Information supplied
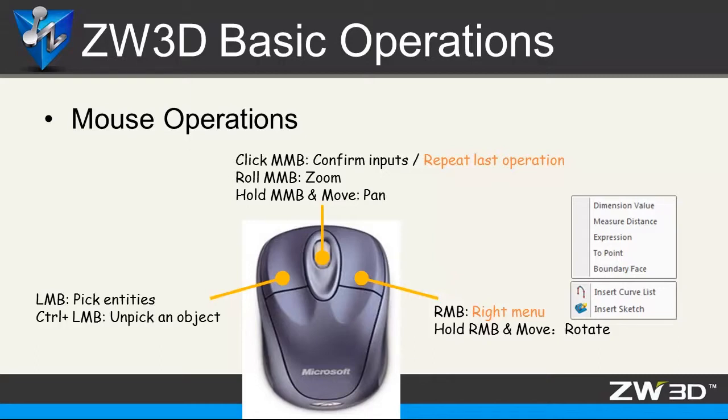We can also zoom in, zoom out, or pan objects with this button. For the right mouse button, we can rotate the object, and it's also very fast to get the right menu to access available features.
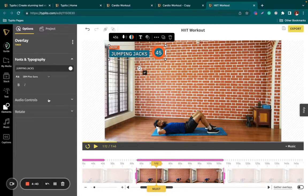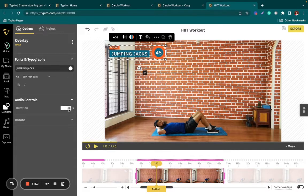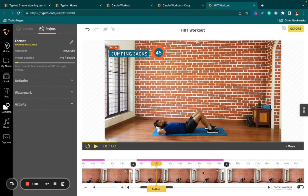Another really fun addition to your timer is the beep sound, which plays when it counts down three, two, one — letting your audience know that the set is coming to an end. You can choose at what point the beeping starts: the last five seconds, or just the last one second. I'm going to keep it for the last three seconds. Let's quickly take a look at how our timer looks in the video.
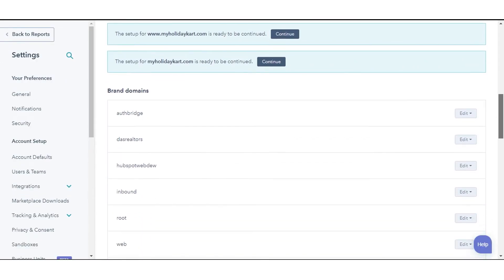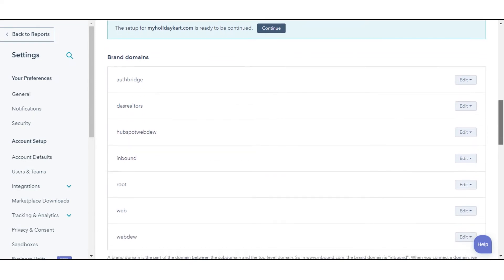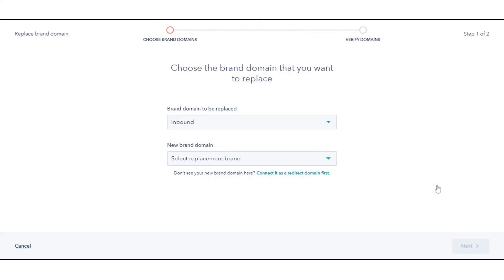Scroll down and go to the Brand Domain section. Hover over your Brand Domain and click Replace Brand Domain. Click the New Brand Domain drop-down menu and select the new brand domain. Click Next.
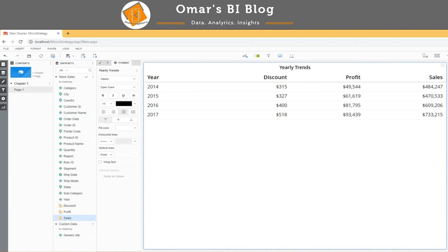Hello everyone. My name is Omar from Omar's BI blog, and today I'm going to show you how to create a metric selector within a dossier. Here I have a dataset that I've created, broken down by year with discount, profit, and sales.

--

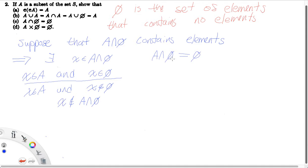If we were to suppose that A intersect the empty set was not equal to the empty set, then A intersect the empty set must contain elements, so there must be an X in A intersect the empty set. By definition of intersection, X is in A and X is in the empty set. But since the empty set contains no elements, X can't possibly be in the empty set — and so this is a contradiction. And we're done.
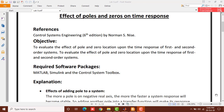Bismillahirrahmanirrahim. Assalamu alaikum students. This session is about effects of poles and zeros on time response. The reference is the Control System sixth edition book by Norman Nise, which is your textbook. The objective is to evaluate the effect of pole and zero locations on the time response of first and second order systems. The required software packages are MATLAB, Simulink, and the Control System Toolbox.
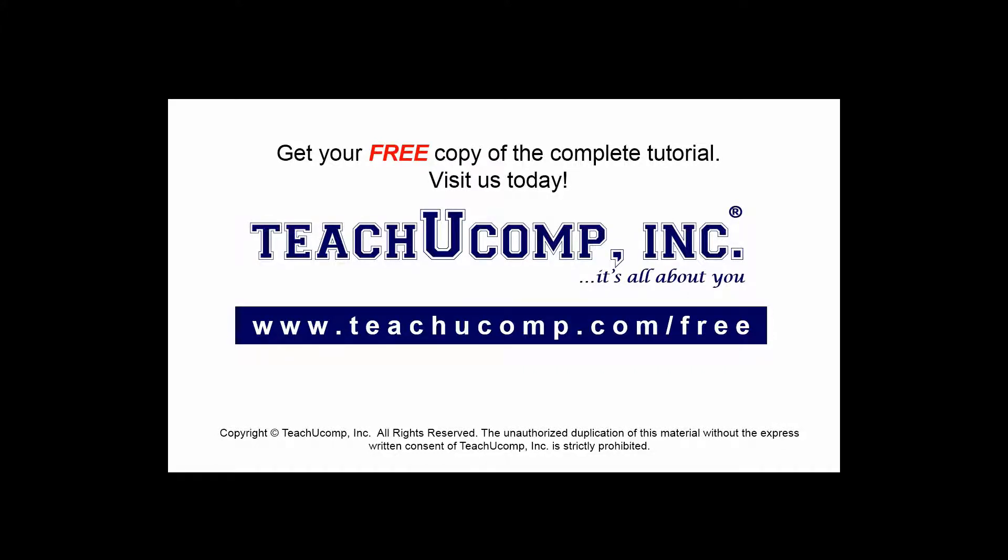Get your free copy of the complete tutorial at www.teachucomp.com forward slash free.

What is expected
Output only the stretch above from the line with "Bismillahirrahmanirrahim. Assalamu alaikum" through the line with "Get your free", reproduced exactly. Exclude pictures.

The answer
Bismillahirrahmanirrahim. Assalamu alaikum students. This session is about effects of poles and zeros on time response. The reference is the Control System sixth edition book by Norman Nise, which is your textbook. The objective is to evaluate the effect of pole and zero locations on the time response of first and second order systems. The required software packages are MATLAB, Simulink, and the Control System Toolbox.
Get your free copy of the complete tutorial at www.teachucomp.com forward slash free.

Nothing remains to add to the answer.